Every entry must be repeated exactly in the answer.

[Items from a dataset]
========

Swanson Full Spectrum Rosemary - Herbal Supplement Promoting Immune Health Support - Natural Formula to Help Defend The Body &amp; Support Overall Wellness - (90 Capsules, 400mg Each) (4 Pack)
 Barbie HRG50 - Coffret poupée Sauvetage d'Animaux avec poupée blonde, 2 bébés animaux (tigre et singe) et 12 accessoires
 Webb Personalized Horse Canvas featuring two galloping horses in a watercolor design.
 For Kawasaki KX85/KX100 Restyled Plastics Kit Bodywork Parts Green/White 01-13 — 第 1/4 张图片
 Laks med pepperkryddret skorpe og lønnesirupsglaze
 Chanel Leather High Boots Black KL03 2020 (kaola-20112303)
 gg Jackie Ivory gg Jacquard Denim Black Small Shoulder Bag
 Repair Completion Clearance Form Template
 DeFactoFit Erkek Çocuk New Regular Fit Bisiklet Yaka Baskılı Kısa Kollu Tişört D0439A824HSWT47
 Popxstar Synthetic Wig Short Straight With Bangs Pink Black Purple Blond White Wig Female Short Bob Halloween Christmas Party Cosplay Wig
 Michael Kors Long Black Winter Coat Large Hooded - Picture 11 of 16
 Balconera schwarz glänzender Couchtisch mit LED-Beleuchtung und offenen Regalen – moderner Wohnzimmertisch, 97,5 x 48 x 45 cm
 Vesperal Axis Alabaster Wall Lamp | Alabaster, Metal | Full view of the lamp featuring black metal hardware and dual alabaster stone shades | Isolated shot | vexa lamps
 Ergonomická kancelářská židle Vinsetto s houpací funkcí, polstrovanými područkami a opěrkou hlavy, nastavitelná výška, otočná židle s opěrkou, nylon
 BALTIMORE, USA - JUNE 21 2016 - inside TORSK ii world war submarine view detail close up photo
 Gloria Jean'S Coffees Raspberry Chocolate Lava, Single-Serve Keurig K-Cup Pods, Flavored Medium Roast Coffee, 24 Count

========

▶ **Solution to this problem**
Swanson Full Spectrum Rosemary - Herbal Supplement Promoting Immune Health Support - Natural Formula to Help Defend The Body &amp; Support Overall Wellness - (90 Capsules, 400mg Each) (4 Pack)
 Barbie HRG50 - Coffret poupée Sauvetage d'Animaux avec poupée blonde, 2 bébés animaux (tigre et singe) et 12 accessoires
 Webb Personalized Horse Canvas featuring two galloping horses in a watercolor design.
 For Kawasaki KX85/KX100 Restyled Plastics Kit Bodywork Parts Green/White 01-13 — 第 1/4 张图片
 Laks med pepperkryddret skorpe og lønnesirupsglaze
 Chanel Leather High Boots Black KL03 2020 (kaola-20112303)
 gg Jackie Ivory gg Jacquard Denim Black Small Shoulder Bag
 Repair Completion Clearance Form Template
 DeFactoFit Erkek Çocuk New Regular Fit Bisiklet Yaka Baskılı Kısa Kollu Tişört D0439A824HSWT47
 Popxstar Synthetic Wig Short Straight With Bangs Pink Black Purple Blond White Wig Female Short Bob Halloween Christmas Party Cosplay Wig
 Michael Kors Long Black Winter Coat Large Hooded - Picture 11 of 16
 Balconera schwarz glänzender Couchtisch mit LED-Beleuchtung und offenen Regalen – moderner Wohnzimmertisch, 97,5 x 48 x 45 cm
 Vesperal Axis Alabaster Wall Lamp | Alabaster, Metal | Full view of the lamp featuring black metal hardware and dual alabaster stone shades | Isolated shot | vexa lamps
 Ergonomická kancelářská židle Vinsetto s houpací funkcí, polstrovanými područkami a opěrkou hlavy, nastavitelná výška, otočná židle s opěrkou, nylon
 BALTIMORE, USA - JUNE 21 2016 - inside TORSK ii world war submarine view detail close up photo
 Gloria Jean'S Coffees Raspberry Chocolate Lava, Single-Serve Keurig K-Cup Pods, Flavored Medium Roast Coffee, 24 Count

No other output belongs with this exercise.